I've worked on a large financial transaction system for a bank that looked after Pensions and Investments. After 15 years of feature changes, the manual regression test cost had climbed to $200K per release. (10M LOC, $10M transacted per day). This system also interfaces with 19 other systems around the company moving lots of data around.
This system was implemented in Java. One of the occasionally touted benefits of OO is 'reuse'.
What we observe however, is that the more 'reuse' we do, the more regression test costs go up. (The reason being that you need to "test the code you touch" - and reused/shared code impacts a multiplicity of places when it is touched. So despite 'DRY - Do Not Repeat Yourself' - ie don't copy and paste code - we observe a financial incentive to copy and paste code. This is to drive regression test costs down, because we don't want to modify code that could be shared, because that will cause a big regression test impact. )
My question is is there a software engineering principle that describes the relationship between reuse and regression test costs?

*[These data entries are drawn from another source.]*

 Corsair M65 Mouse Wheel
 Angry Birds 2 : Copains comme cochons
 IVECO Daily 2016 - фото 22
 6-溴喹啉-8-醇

The reason I'd ask this question is that arguably there is a cost benefit in decomposing the system into smaller parts to be tested.
Assumptions:
'Regression test' means 'acceptance test' - ie another group spending time to write new and reuse old tests against the system on behalf of the business, including environment and data setups.
I know the knee-jerk reaction to a big regression test cost is 'more automated tests'. This is a good principle. In this environment there are a couple of challenges.

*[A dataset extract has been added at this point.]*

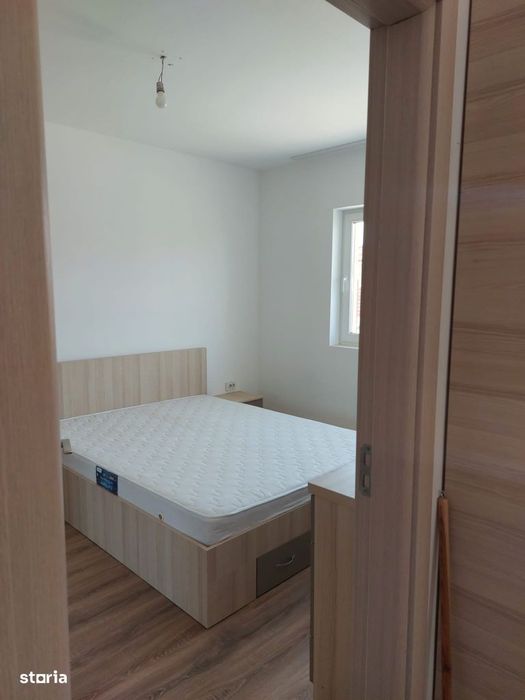 Casa moderna la 800-900 m de STB si 3 km de metrou.FINALIZATA !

(a) Automated tests are less useful across system boundaries, unless that system has a high automated test coverage as well. (Sphere of influence challenge).
(b) It is culturally difficult to get momentum on programmer time or capital investment on high automated test coverage when your system is already large and complex.
(c) The cost of maintaining automated tests is hidden on a project, and so they are easily discarded at a project level.
(d) This is just the cultural reality of working in a bank.
(e) I'm working to solve this problem in a different way (decomposition).
- I'm aware that because of Alan Kay's quote about OO
Actually I made up the term "object-oriented", and I can tell you I did not have C++ in mind
there isn't an agreed definition of what OO means. For the purpose of this question I'm going to assume that 'OO' means 'Java OO' - so encapsulation, inheritance and polymorphism.